Una mujer verificó que en la urna, en lugar de los restos de su hermano, había ripio. Denuncia policial.

viernes, 05 de junio de 2009
Por SMS se enteró de que robaron los huesos de su hermano

Amelia Pich y el celular al cual le llegó el SMS con la advertencia. (Orlando Pelichotti)

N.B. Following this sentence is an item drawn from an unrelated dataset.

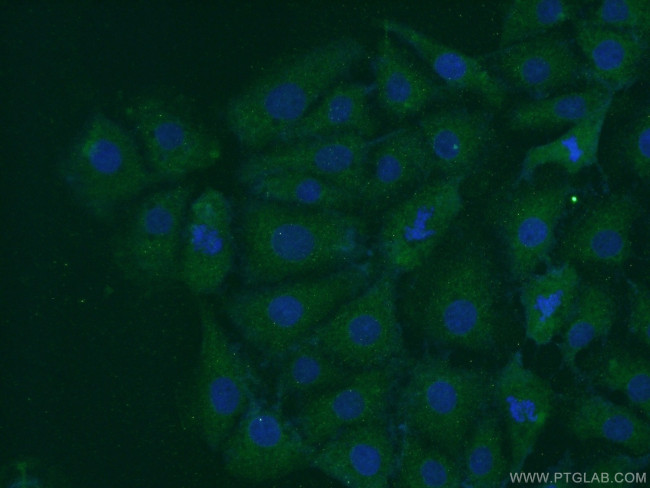 PARK7/DJ-1 Antibody in Immunocytochemistry (ICC/IF)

El miércoles a las 22, sonó el celular de la señora Amelia Pich; era un mensaje de texto enviado desde un número desconocido. La mujer, de 49 años, pinchó la tecla y leyó lo siguiente: "Señora, revise la tumba de su hermano en el cementerio y se va a llevar una sorpresa porque el miércoles pasado sacaron los restos de esa caja...".

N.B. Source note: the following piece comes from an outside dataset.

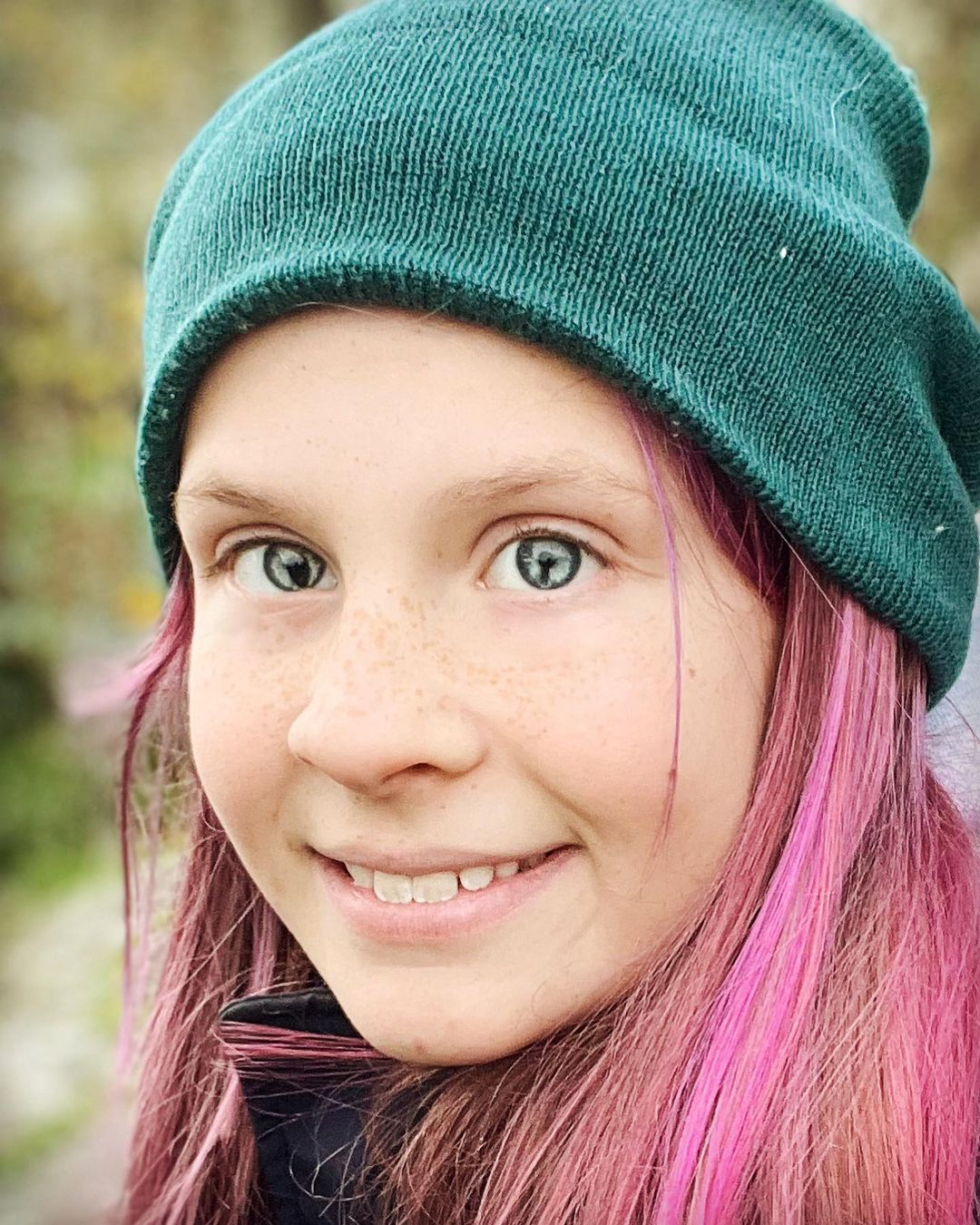 Ось як виглядають люди з генетичним дефектом очей, який робить погляд "зміїним"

Al día siguiente, la mujer fue hasta el cementerio de Guaymallén con un destornillador, "ya que los restos de mi hermano fueron trasladados hace tres meses desde el ataúd bajo tierra a una urna de madera que le hizo mi esposo", contaba la señora.

De ese modo, cuando llegaron al pabellón 47, sepultura 1005 (nuevo domicilio de su hermano fallecido en 1992), "abrí la urna y la encontré llena de ripio; de los huesos, nada", se quejaba la mujer. La apertura de la urna, contó la señora, se hizo en presencia de dos autoridades del cementerio de Guaymallén de apellidos Torres y Navea, según dijo ella.

De muy mal humor, tomó la caja de madera de 30 cm por 30 en sus manos y se fue hasta la Oficina Fiscal 9 de Villa Nueva para denunciar el robo de los huesos de su hermano. Lo hizo acompañado por los señores Torres y Navea.

"Así fue que en la Oficina Fiscal volvimos a abrir la urna para que quedara constancia de que en lugar de huesos había sólo algunas piedras. Me tomaron la denuncia y volví hasta el cementerio con la caja donde deberían estar los restos de mi hermano; la urna quedó en el mismo lugar".

Traspaso

Según la denunciante, este caso de robo de restos óseos tiene su génesis hace tres meses, "cuando nos llamaron desde el cementerio para decirnos que debíamos concurrir para hacer lo que se llama 'reducción de los restos', ya que el cuerpo de mi hermano estaba enterrado en un féretro desde hacía 17 años".

Eso pasó y previo el pago de 800 pesos, "que pagó mi otro hermano", los huesos de quien en vida fue José Arnaldo Pich (falleció a los 42 años) pasaron a la pequeña cajuela de madera que había confeccionado el marido de la señora Pich.

"Sí, yo vi de qué modo pasaban el cráneo y otros restos óseos para el traslado de los restos desde la parte de tierra al segundo piso del pabellón 47 del cementerio, donde descansarían esos huesos", explicaba la mujer.

"Cuando todo eso pasó, a mí me pidieron un celular desde el cementerio para avisarme 'por cualquier cosa", dijo la señora.

Por eso ahora sospecha de quien le envió el SMS la noche del miércoles ya que, a todas luces, se trata de alguien que sabía la verdad.

"Me dijeron que los huesos no estarían y efectivamente no estaban. Además, al final del mensaje me ponían que ese tal Torres es el responsable y lo caratulaban como 'corrupto', según se lee en el SMS que me llegó".

Pero la víctima del robo de los huesos de su hermano no ha llamado a ese número desconocido que figura en su celular. "No lo he hecho, voy a esperar a que me lo pidan desde la Fiscalía donde hice la denuncia para saber de qué modo sigue la investigación".